Regional emergency officials, who had at least three hours advance knowledge of the impending disaster, say they broadcast flood warnings on local Krasnodar region television channels, despite the fact that torrential rains had cut power to much of the area.
Many of the dead were elderly people who drowned as floodwaters 20 feet deep swept into their homes as they slept, oblivious to cellphone text messages sent out by emergency services.
"This is a direct consequence of the thieving policies of recent years," said Sergei Udaltsov, who organized anti-Putin protest after the floods. "Nothing is invested in infrastructure, everything is being stolen."
Alexander Tkachev, regional governor in the flood-hit region and an ally of Mr. Putin's, defended his government's response.
"Were we supposed to get round to every single person?" he asked when reporters pressed him to explain why he failed to issue timely warnings.
A clip of the comment went viral on the Internet, fanning nationwide criticism.

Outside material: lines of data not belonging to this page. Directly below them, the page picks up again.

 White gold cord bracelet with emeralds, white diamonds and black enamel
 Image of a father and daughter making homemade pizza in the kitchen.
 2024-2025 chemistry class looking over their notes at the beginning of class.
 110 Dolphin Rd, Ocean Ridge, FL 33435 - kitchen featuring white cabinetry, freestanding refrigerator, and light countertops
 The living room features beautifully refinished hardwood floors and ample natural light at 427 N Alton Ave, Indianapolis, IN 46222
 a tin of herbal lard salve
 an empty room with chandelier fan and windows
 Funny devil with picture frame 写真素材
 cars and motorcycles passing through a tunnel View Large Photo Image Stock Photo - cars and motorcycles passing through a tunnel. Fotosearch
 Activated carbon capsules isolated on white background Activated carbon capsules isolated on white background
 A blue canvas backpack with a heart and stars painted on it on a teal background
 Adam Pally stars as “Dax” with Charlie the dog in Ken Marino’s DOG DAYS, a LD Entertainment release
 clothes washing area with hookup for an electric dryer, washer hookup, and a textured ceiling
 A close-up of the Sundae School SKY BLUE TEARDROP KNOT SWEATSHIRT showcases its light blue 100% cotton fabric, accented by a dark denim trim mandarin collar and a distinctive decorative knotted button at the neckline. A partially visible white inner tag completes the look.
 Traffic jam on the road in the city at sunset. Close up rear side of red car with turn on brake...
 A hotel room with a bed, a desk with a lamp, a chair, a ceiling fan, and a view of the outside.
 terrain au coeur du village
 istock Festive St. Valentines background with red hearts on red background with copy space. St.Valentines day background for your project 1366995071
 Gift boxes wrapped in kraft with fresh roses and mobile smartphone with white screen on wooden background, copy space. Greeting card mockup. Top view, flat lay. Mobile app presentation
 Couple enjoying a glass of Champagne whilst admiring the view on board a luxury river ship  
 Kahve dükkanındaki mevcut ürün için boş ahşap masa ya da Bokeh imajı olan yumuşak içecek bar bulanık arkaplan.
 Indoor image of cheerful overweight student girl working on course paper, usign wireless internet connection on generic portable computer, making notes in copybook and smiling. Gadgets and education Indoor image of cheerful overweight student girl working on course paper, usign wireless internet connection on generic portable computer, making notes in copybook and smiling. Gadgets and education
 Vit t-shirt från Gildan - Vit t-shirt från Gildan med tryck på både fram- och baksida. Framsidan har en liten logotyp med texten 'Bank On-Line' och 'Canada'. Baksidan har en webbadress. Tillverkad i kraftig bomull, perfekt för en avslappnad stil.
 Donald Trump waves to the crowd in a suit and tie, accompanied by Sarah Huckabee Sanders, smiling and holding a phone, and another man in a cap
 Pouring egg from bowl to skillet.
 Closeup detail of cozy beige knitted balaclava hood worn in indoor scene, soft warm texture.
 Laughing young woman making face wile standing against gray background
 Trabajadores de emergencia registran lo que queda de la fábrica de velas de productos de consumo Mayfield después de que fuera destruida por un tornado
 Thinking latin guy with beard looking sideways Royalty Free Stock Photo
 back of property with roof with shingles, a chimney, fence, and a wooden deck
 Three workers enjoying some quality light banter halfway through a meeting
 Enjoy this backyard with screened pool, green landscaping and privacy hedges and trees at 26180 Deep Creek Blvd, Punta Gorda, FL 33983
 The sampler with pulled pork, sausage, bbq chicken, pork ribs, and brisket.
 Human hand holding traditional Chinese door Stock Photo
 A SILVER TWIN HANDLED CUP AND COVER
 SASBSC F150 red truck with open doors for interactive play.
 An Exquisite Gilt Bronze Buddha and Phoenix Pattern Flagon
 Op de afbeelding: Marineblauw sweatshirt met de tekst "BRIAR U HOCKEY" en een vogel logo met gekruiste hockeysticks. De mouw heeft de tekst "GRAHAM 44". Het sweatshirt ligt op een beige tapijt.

Mr. Putin, dressed in black, flew over the submerged Krasnodar region in the hours after the floods, staring out of a helicopter window at scenes of apocalyptic-like devastation. Footage of his visit and his grilling of local rescue officials was aired on state television, but did little to dampen anger.
"The authorities couldn't even do a very simple thing like send a truck around with loudspeakers to warn people," said analyst Maria Lipman at the Moscow-based Carnegie Center think tank. "We have again seen an inefficient, at times bungled government operation."
The disaster has also again revealed a deep-seated distrust of government among ordinary Russians. There have been continuing allegations that floodgates at a nearby reservoir were opened to save a nearby industrial complex owned by state oil company Rosneft, causing massive flooding in Krymsk. Officials have denied the charges.
Police have arrested the mayor of Krymsk and two other officials for failing to respond quickly enough to the emergency.
"People don't trust the authorities, on any subject -- on natural disasters, or elections, or soccer," Russian journalist Oleg Kashin said in a commentary for the Kommersant FM radio station.
The Kremlin has been desperate to avoid the kind of damage to Mr. Putin's reputation that accompanied the first catastrophe of his rule, when he declined to break off an August 2000 holiday after a Russian nuclear-powered submarine sank in the Barents Sea.
Mr. Putin faced a storm of unprecedented criticism over Russia's initial refusal to allow foreign rescuers into the area. By the time Norwegian divers eventually reached the vessel, all 118 sailors on board the submarine were dead.
"It sank," was Mr. Putin's now infamous reply when asked what had happened to the Kursk by CNN's Larry King.